Parallelizes URL reads for images using Ray/Multithreading #2048

geoffreyangus · 2022-05-21T00:07:00Z

This PR parallelizes URL reads for images, similar to what is done for audio in #2040. Because there are multiple image reads before the whole column is read (namely, the first image and the sample set of images), this PR also refactors the process of inferring image feature properties to unify the byte reading and loading workflow introduced in #2040.

for more information, see https://pre-commit.ci

…into speedup-url-load

for more information, see https://pre-commit.ci

…into speedup-url-load

…udio test

for more information, see https://pre-commit.ci

dantreiman · 2022-06-06T20:20:33Z

ludwig/utils/image_utils.py

+        with BytesIO(bytes_obj) as buffer:
+            buffer_view = buffer.getbuffer()
+            image = decode_image(torch.frombuffer(buffer_view, dtype=torch.uint8), mode=mode)
+            del buffer_view


Why is it necessary to del buffer_view? Seems like it will go out-of-scope on the next line. If I'm missing something, please add a comment here explaining why this is needed.
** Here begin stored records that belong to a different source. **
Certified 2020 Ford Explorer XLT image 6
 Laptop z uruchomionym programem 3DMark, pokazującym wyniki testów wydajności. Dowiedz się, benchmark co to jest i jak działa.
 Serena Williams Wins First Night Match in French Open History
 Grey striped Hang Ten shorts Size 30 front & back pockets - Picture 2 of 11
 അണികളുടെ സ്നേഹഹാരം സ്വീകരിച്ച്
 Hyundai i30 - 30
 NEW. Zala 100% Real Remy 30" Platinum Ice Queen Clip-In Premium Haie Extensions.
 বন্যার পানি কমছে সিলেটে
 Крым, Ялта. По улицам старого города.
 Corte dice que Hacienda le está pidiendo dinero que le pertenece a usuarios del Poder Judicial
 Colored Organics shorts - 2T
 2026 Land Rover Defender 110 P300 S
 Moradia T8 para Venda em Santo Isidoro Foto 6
Hm, not quite sure why it's needed. This was a bit of code that was already in read_image:

ludwig/ludwig/utils/image_utils.py

Line 121 in d3eea13

del buffer_view

AFAICT it would be safe to remove this line.

Hm, it seems like removing this is causing tests to fail with the following error:

Existing exports of data: object cannot be re-sized

Seems related to this open issue: python/cpython#85269

I've put it back for now, but let me know if you think there's an alternative you think is worth exploring.

dantreiman · 2022-06-06T20:24:49Z

ludwig/utils/image_utils.py

+def read_image_if_path(path: Any, num_channels: Optional[int] = None) -> Union[Any, torch.Tensor]:
+    """Gets an image if `path` is a path (e.g. a string).
+
+    If it is not a path, return as-is.


What are the possible data types of path (if not a string)?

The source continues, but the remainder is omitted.